Not sure what the reason up north is, RJ, but down here, we can't get public transport because the choice was made back in the middle of the last century to invest in the highway system and make people dependant on their own vehicles. It's ingrained now... only people in the largest cities see the value in public transportation. Frankly, I would love to see real public transportation take hold, but I don't expect to see it in my lifetime. We can barely keep the trains running as is.

Red Jenny said...

Much of Canada is the same. Somehow driving in a car is equated with freedom. *sigh*

Anonymous said...

You might be surprised to hear it, but Honolulu just recently passed a bill to build a public rail system in the city. Unfortuneately, they raised the extremely regressive State General Excise tax to do it (Hawaii doesn't have a "sales" tax. Here, we have an "excise" tax--which is on ALL transactions (incl. labor, services, and worst of all...medical care, food, drugs and rent)--and it is on the gross [you pay the tax on the tax itself as well as the principal]. So you can see how it hits you harder, the lower your income level gets--especially since it's a flat rate for all. --Not much more progressive than a head tax really).

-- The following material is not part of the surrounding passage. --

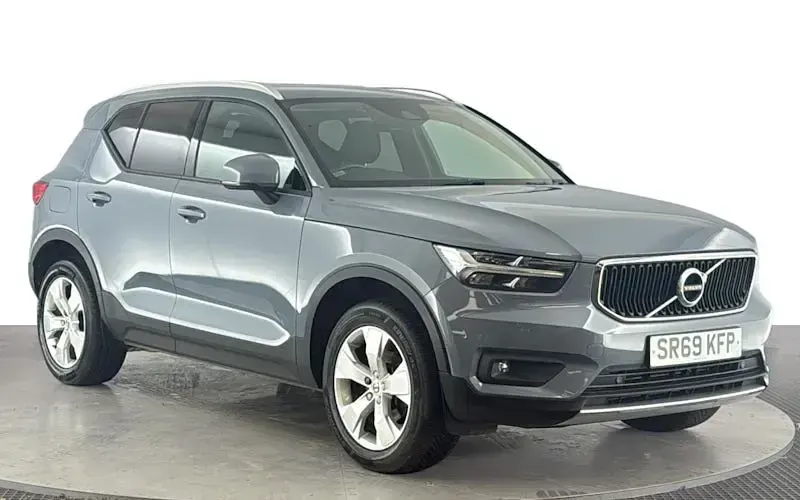 Used Volvo XC40 Momentum 163 HP (119 kW) 2020 Grey SUV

But we are going to get a much needed rail system...which I support. We have really bad traffic problems on Oahu. BTW...we already have one of the very best Bus-systems in the U.S. Very comprehensive (on the island of Oahu only--Honolulu county).


P.S. You don't mind my posting a comment now and you? It's just a nice change to see a few things on the liberal side after the constant bombast from the right for so many years.

Anonymous said...

Low density developments are hell for public transportation.. costwise anyhow. I also suppose no politician wants a bus named after him/herself.. only a train station.. maybe. But an Airport or a highway? Thats key!

Zafrod said...

Low density development and public transportation don't go together, sure, but really, the only places in the US that have truly viable public transportation are the very highest density areas. There's a whole lot of middle ground that isn't covered because it's seen as bad investment, which it currently is. If you just bought yourself a brand new SUV, you're not going to let it rust in the driveway while you take the bus to work. The thing is, the cost of using well-designed public transportation is far less than the cost of maintaining even one vehicle, even more drastically so if the vehicle is owned by me. If you could really get people to believe this, you might be able to start making headway, but it'd be slow.

Red Jenny said...

It disturbs me that people are still building their nasty mcMansions out in the 'burbs, despite the increasing cost of oil. It is irresponsible to say the least, with ridiculous infrastructure and transportation costs. And most people end up living just as close to their neighbours as they would in the city!

If you are interested in an alternative, read up on the carfree movement - it is certainly viable, and to urban folk like me, describes a very livable city.